The high-stakes drama in Nigeria’s oil industry has taken a dangerous turn, as the Group Chief Executive Officer of the Nigerian National Petroleum Company Limited (NNPCL), Bayo Ojulari, declared that he and members of his management team are facing threats to their lives.
Speaking during a meeting with the Petroleum and Natural Gas Senior Staff Association of Nigeria (PENGASSAN), Ojulari revealed that entrenched interests resisting his reform agenda have escalated their opposition from media blackmail to outright threats.
“These attacks are not about me personally,” insiders quoted him as saying, “they are about resisting President Bola Tinubu’s directive to clean up the rot in the sector.”
The Reform Battle: Refineries and Resistance
Ojulari’s mandate, handed down in April 2025, is nothing short of transformative: revive Nigeria’s three moribund refineries, attract investors, and prepare the NNPCL for a landmark IPO. But instead of applause, his decision to halt refinery test runs at Port Harcourt, Warri, and Kaduna has triggered accusations of sabotage and corruption.
Critics allege that shutting down the facilities created opportunities for fresh contracts worth billions, while others accuse him of plotting privatization schemes to benefit cronies. The backlash has been fierce, culminating in protests, ethnic demands for leadership change, and now threats to his safety.

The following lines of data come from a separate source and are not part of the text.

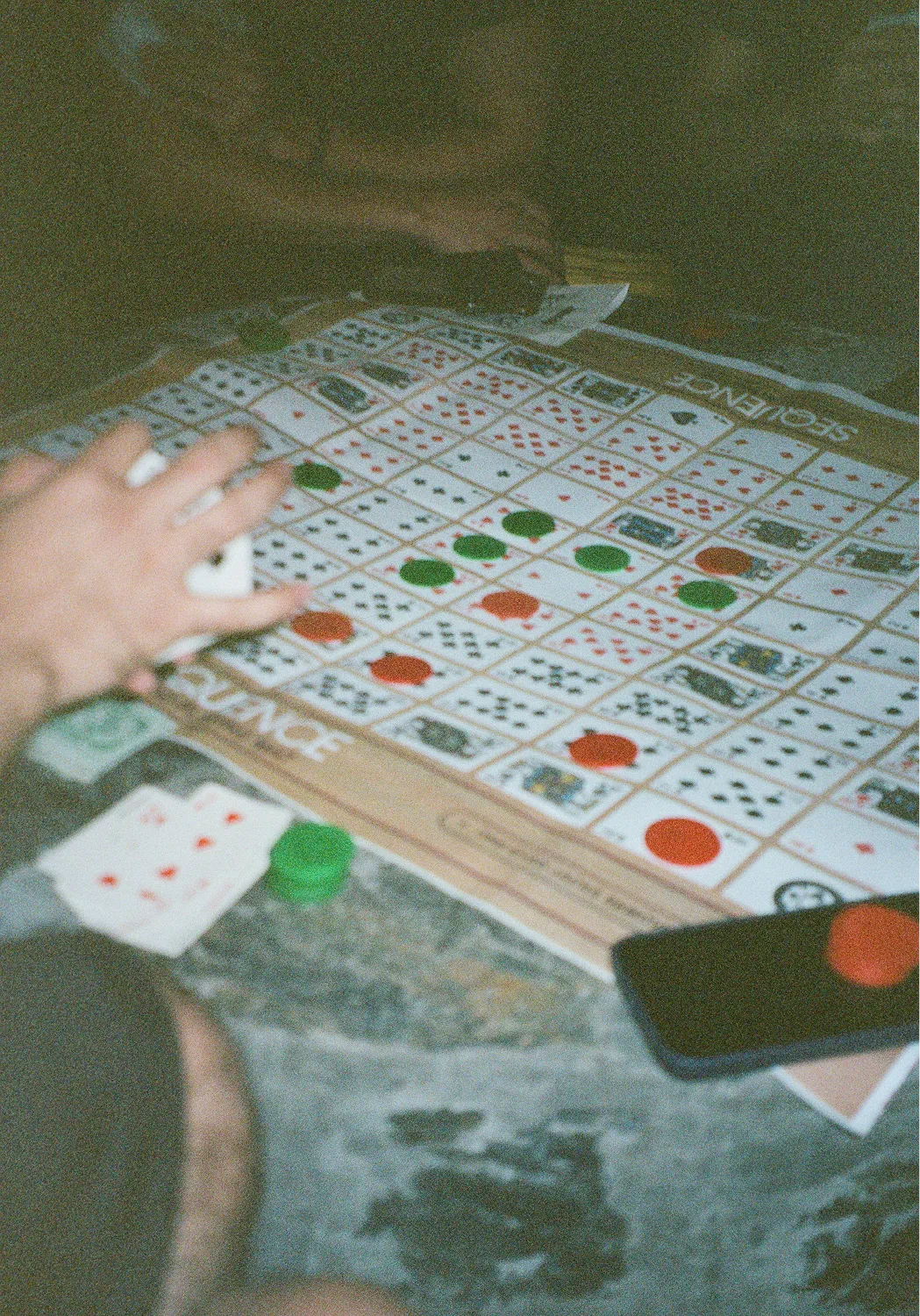 Close-up of a board game involving playing cards and green and red chips on a game mat labeled 'SCIENCE'.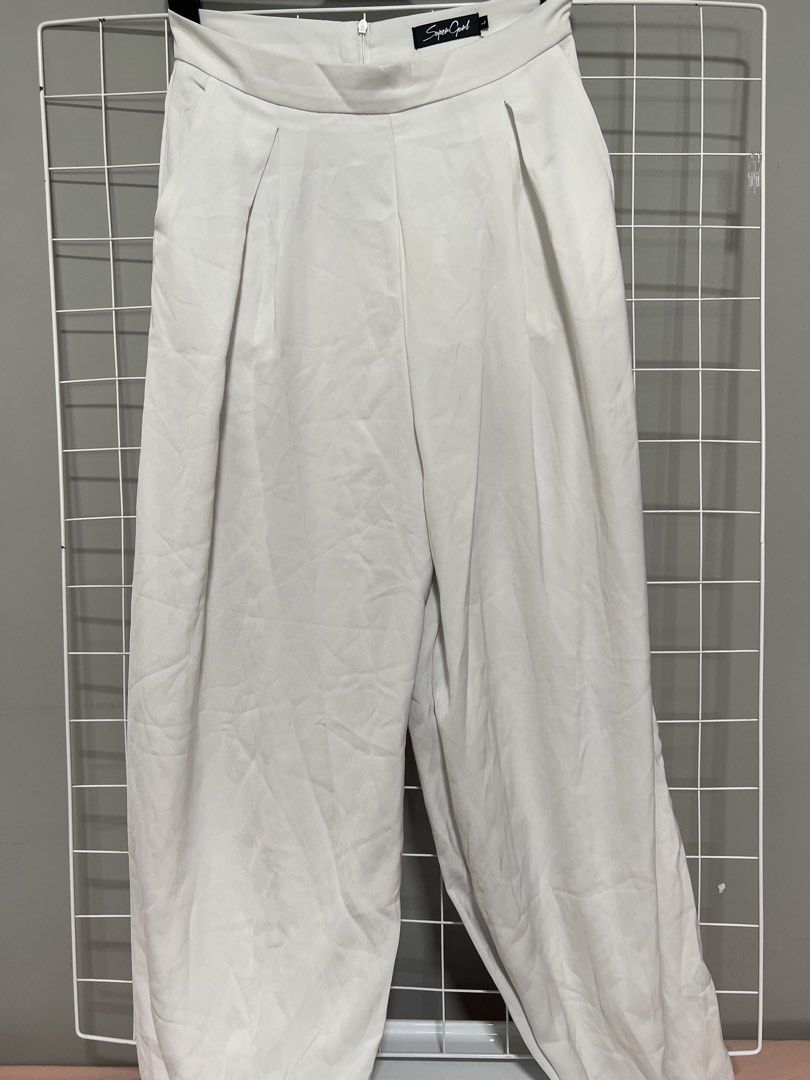 Supergurl White Wide Leg Pants (Category: Other Bottoms) located in Singapore. Submitted by stopmyshopaholictendencies (Listing ID 1438759101, Image 1). Description: Self collect at bukit batok hdb only Supergurl white wide-leg pants. High-waisted with front pleats. Size L. Chic and comfortable..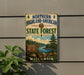 A vintage-style metal sign for the Northern Highland-American State Forest in Wisconsin, featuring a scenic landscape with pine trees, a river, and a sign indicating the location.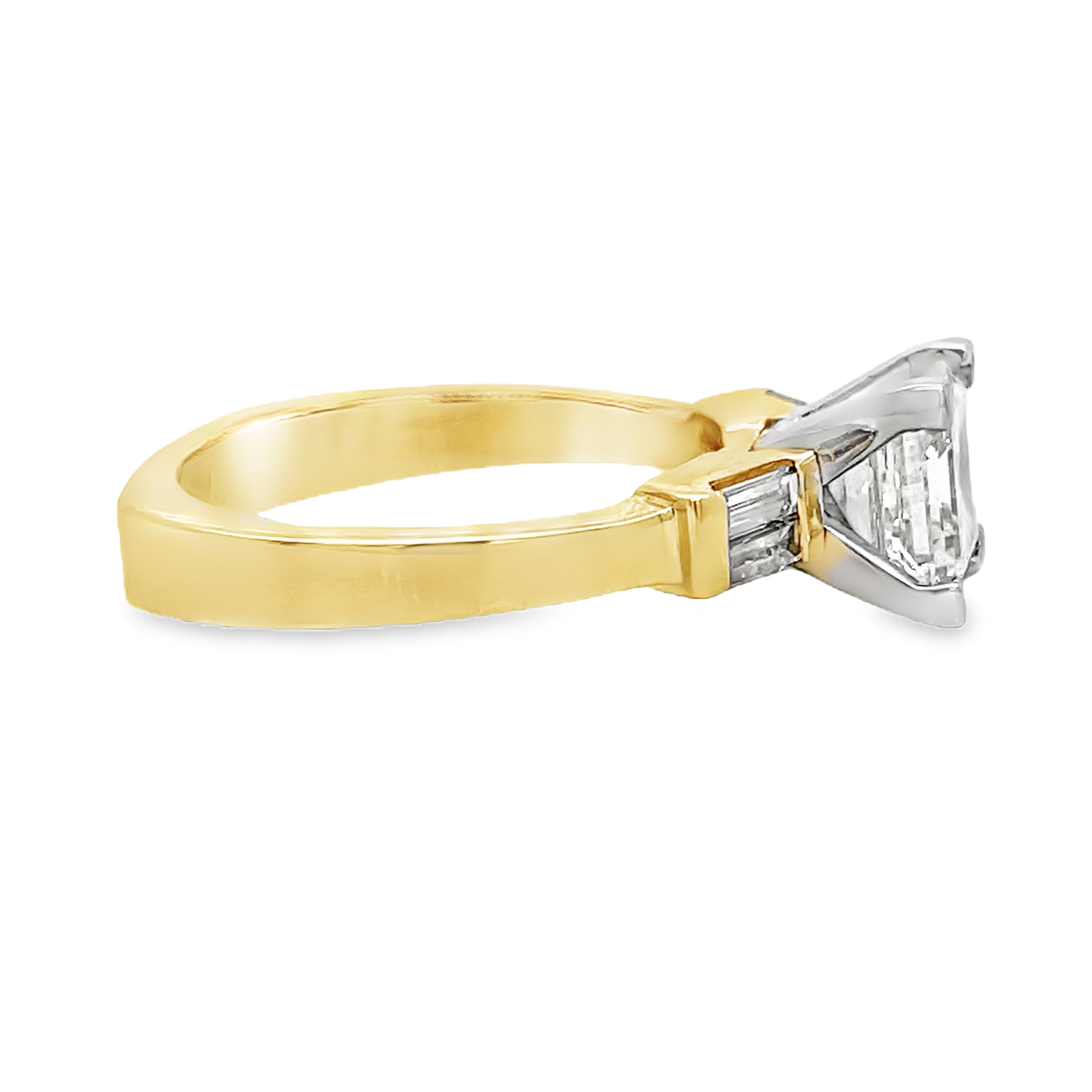 Indulge in the exquisite luxury of our Custom Made Assher Cut &amp; Baguette Engagement Ring, featuring a 14k yellow gold band adorned with a stunning 1.71 ct assher cut diamond in a prong setting. The color G and SI1 clarity ensure brilliance, while the delicate baguette diamonds on the side add a touch of sophistication. Elevate your proposal with this exclusive, one-of-a-kind ring.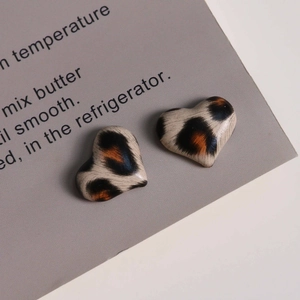 Close-up of leopard print heart charms for DIY jewelry with glossy animal texture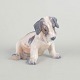 Dahl Jensen, porcelain dog figurine.Naturalistically modelled porcelain figure of a seated dog ...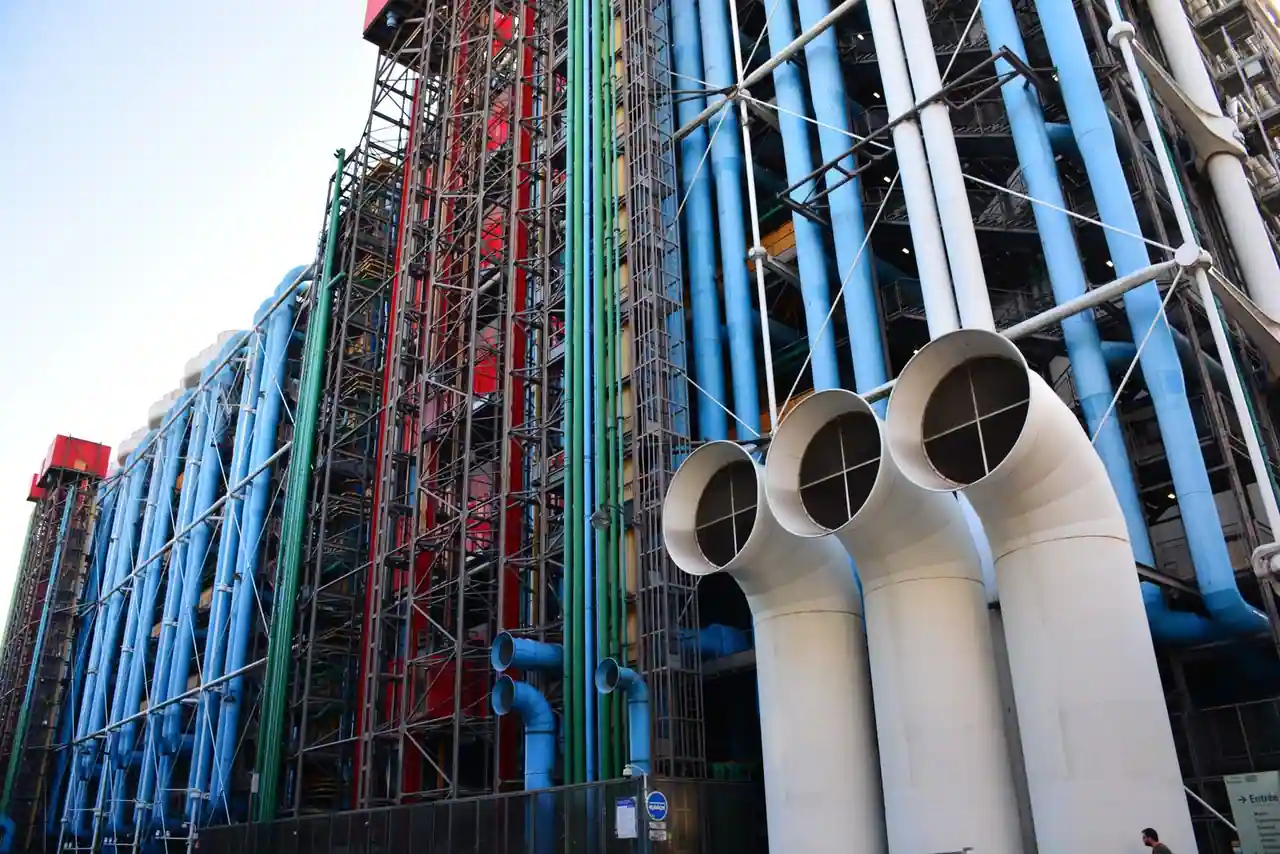 Façade technique du Centre Pompidou à Paris : gaines colorées, structure d'acier et tubes d'aération apparents.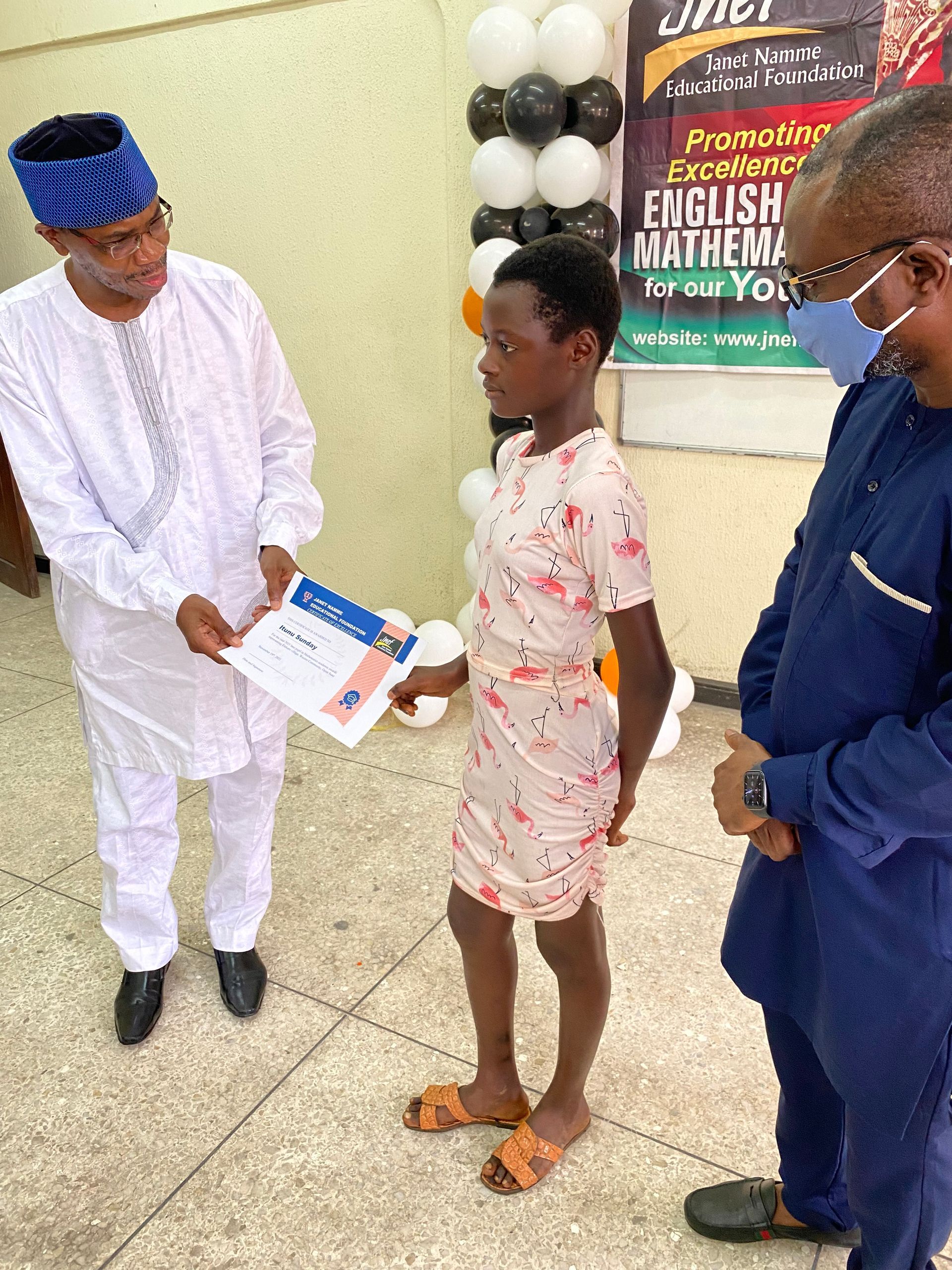 A man is giving a certificate to a young girl.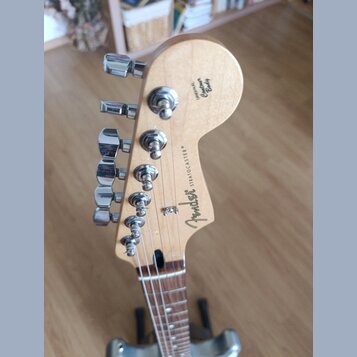 Záběr na hlavu elektrické kytary z přírodního dřeva s chromovanými ladičkami. Na zadní straně jsou nápisy Fender, STRATOCASTER® a ORIGINAL Contour Bo…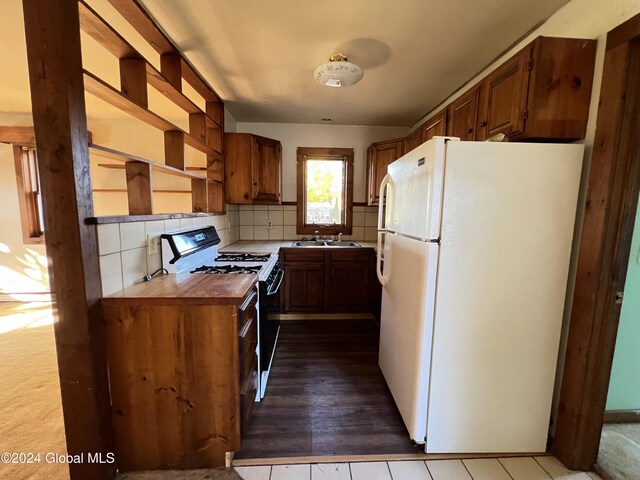 66 Plains Rd, Jackson, NY 12816 - kitchen featuring brown cabinetry, freestanding refrigerator, tasteful backsplash, a sink, and gas stove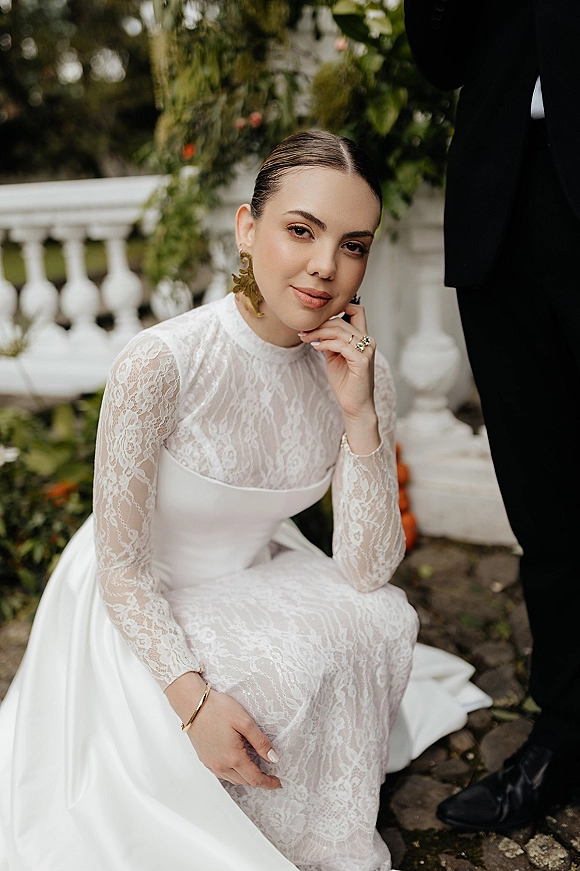 Bridal portrait in a lace wedding dress, long-sleeve high-neck lace gown with veil and gold statement earrings by garden balustrade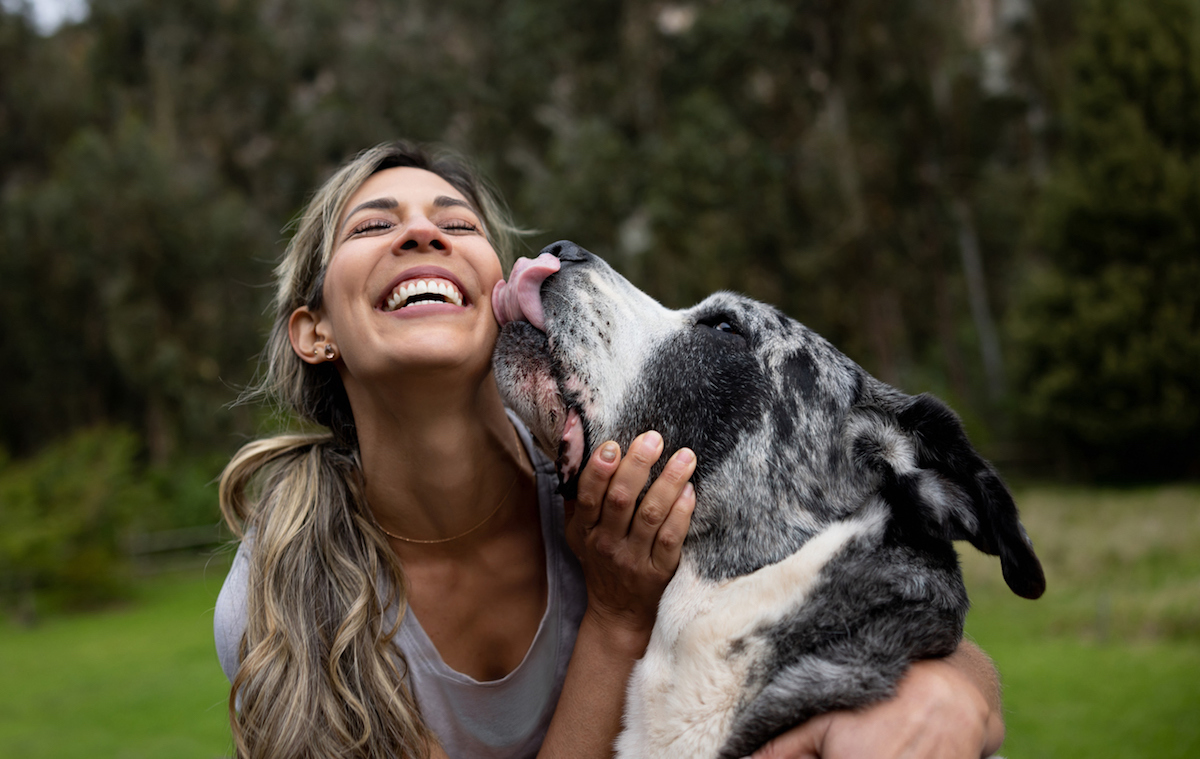 Happy woman playing with her dog outdoors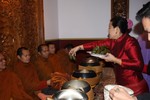 A Thai woman fed the monks after the chanting session.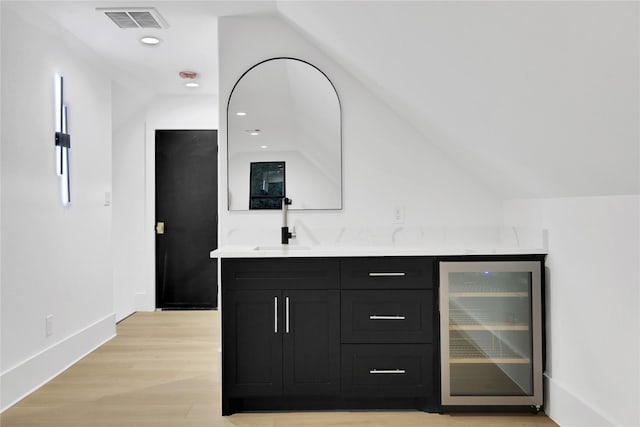 bar featuring beverage cooler, light wood-type flooring, lofted ceiling, and visible vents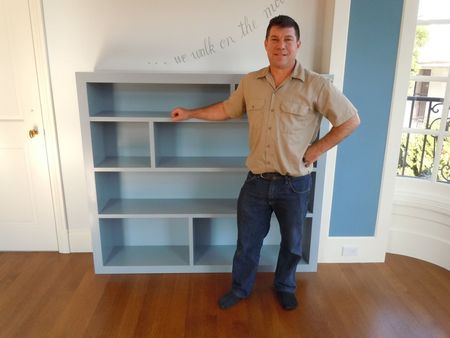 A man standing in front of a bookshelf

Civil Society Rallies Behind Ojulari
While some unions and youth groups have demanded his removal, civil society organizations are standing firmly in his corner. The Coalition for Good Governance and Change Initiatives (CGGCI) and HURIWA dismissed the allegations as “blackmail and corruption fighting back.”
HOSTCOM, the umbrella body for oil-producing communities, went further, claiming that the coordinated attacks are orchestrated by displaced power brokers unwilling to surrender illicit earnings.
Supporters also point to Ojulari’s early wins, including a record N6.961 trillion remittance to the Federation Account and drastic reductions in oil theft, which he credited to tighter military and intelligence collaboration.
Management Blames ‘Sabotage Campaign’
In a strongly worded statement, NNPCL management described the opposition as a deliberate sabotage campaign, accusing vested interests of planting fabricated stories in the media to distract leadership and derail reforms. “No amount of defamation will stop this transformation,” the company insisted.
Protests Rock NNPC Towers
Tensions came to a head when Niger Delta youth leaders stormed NNPC Towers in Abuja, calling for Ojulari’s removal and demanding that a native of the region be appointed as the company’s boss. The protest highlighted not only the ethnic fault lines but also the political intensity surrounding the oil sector reforms.
The Bigger Picture
When President Tinubu appointed Ojulari and installed Ahmadu Musa Kida as NNPCL board chairman, the vision was clear: raise oil output to 2–3 million barrels per day, rebuild investor trust, and end decades of waste. The early signs—especially near-eradication of pipeline theft—suggest the reforms are biting.
But as Ojulari’s revelation shows, reform in Nigeria’s oil industry comes at a cost—sometimes personal.
The battle now raging inside the NNPCL is more than a corporate dispute. It is a fight for control of Nigeria’s economic lifeline, one that pits transparency against corruption, reform against resistance, and the safety of reformers against the fury of vested interests.